But reading Jakarta Coup, though...to quote Frank on Everybody Loves Raymond: "Jeez oh lou!" If you sat down and tried to come up with a list of things to spoof in an action novel, you still couldn't top this novel. Stonewall, our "hero," is a chauvinistic blowhard who hates everyone, picks up ladies and casts them aside, lives to kill commies and terrorists, and takes every opportunity to rant and rave against his arch-enemy Senator Ned Flannery, a far-left Democract who is in no way similar to Senator Ted Kennedy, at all.

Mike Madonna has also told me that Kennedy's people actually found about about the blatant Kennedy-bashing in the Roberts installments of this series, and I guess word made its way to Roberts, who was told to ease up, but he didn't -- though he doesn't appear in Jakarta Coup, Flannery's name is invoked by not only the Liberal politicians but even by the terrorists, both of whom admire the guy. Hell, the Liberals even openly side with the terrorists, complaining about "the savage" currently in the White House -- ie Ronald Reagan, whom the good-guy Right Wingers lovingly refer to as "Good ol' Ronnie!"

The plot is really just a framework for the Kennedy-bashing and the frequent sex scenes, which I will get to posthaste. Stonewall's m.o. is that he hires himself out to whoever needs him, and if he can use the job as a means to kill more commies, then so much the better. Stonewall is hired by the Indonesian government to train an anti-terrorist taskforce; a Communist-backed terrorist force called KAM is causing dissent in Jakarta, and the government needs help in dealing with them. Stonewall has a team, apparently, but this time he only brings along two of them: Theo, a black soldier (and boy, are we reminded every time he appears that Theo is black), and Ed Cotter, a nonentity who I think only had about four lines in the entire book.

A goodly portion of the novel is given over to Stonewall training the Indonesian task force, and it all reads like some WWII novel. Indeed, much of Jakarta Coup is similar to a war novel; even the action scenes come off in that regard, in particular the finale, which finds Stonewall and his men making a beachhead assault, complete with mortars and tanks. But the pulpy stuff makes it all more than worth it. Also worth noting is that Roberts doesn't play up too much on the gore. In fact I believe the Penetrator books of his I've read are actually a bit more gory. But then, none of them I've read have been as laugh-out-loud funny as Jakarta Coup.

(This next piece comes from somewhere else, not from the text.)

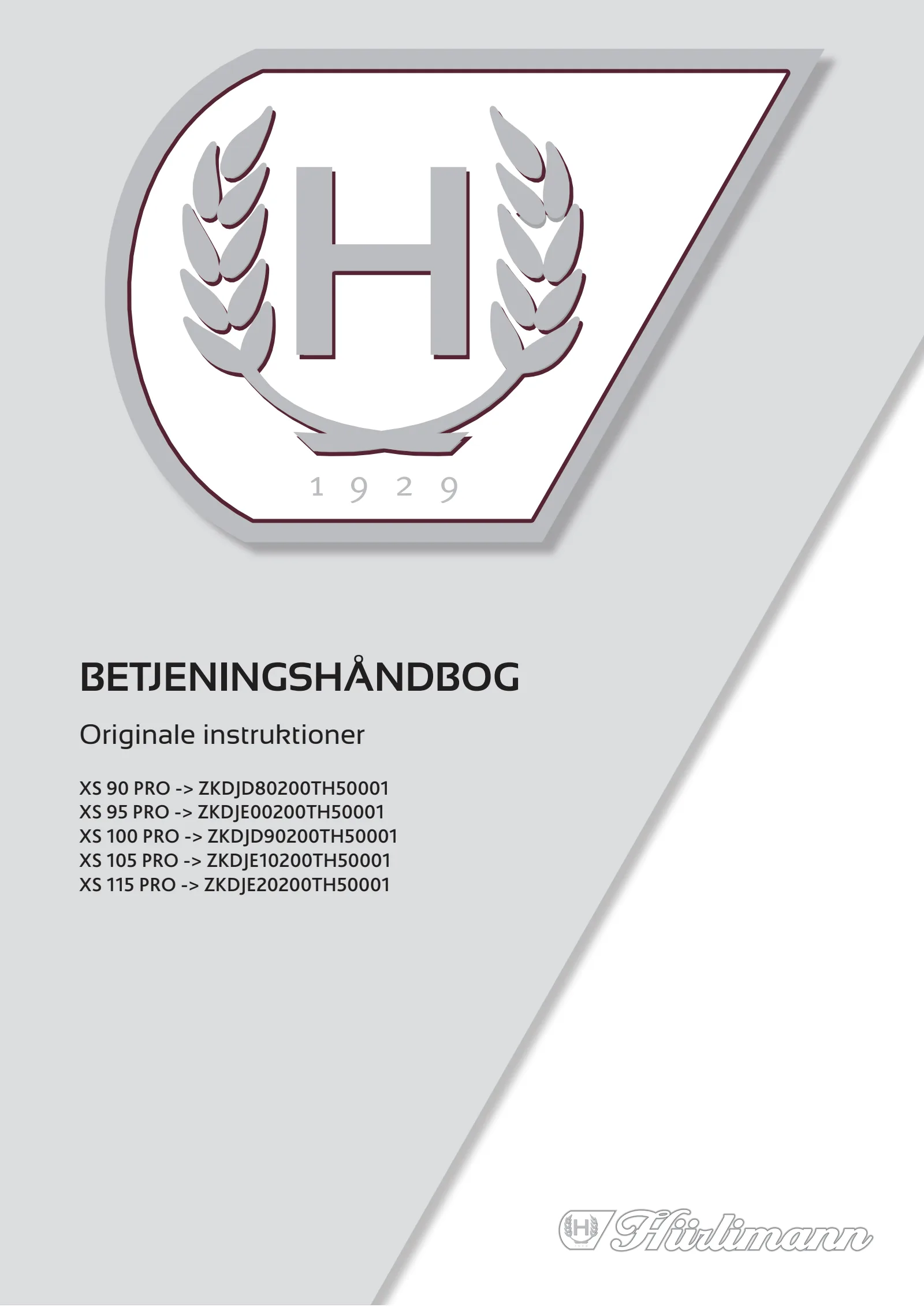 Betjeningshåndbog: XS 90 PRO → ZKDJD80200TH50001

Special mention must be made of the villains. Leading the KAM faction is Pomo, an Indonesian rebel with dreams of conquest but who takes the opportunity to run from every fight. Most enjoyably though we have Margot Anstruther, an 18 year-old blonde Australian beauty who was raised by left-wing parents who sent Margot to a radical terrorist camp in the Middle East when she was 13. While there, we learn in a brief background, Margot discovered sex and "practically raped" the few-hundred men and boys in her camp. Now she gets off on combat, becoming sexually aroused while fighting and killling. It was this character whom Newton found so "repulsive" in his How-To book, but, as you could no doubt guess, her scenes were my favorite in the book -- I consider warped and evil female villains to be the very essence of pulp fiction.

As for the sex scenes...again, above and beyond anything else I've read by Roberts. Stonewall is described as a veritable mountain of muscle, and apparently irresistible to the lady folk. While in Singapore in the opening of the novel, Stonewall manages to pick up "the only white woman" in the city, and Roberts writes a graphic scene between the two (quoted below). Then, just a few pages later, Stonewall, now in Jakarta, picks up another lady, this one a cute Indonesian model named Lisa who joins our hero for an even more explicit scene -- one complete with "pearls of heaven," which Lucy inserts into various of Stonewall's orificies...that is, after she's given the man an apparently 30-minute blowjob...!

Anyway, I'm just gonna start quoting stuff, because the book sells itself.

Not-very-veiled Ted Kennedy-bashing:

"At least he won't be running for President," Theo observed.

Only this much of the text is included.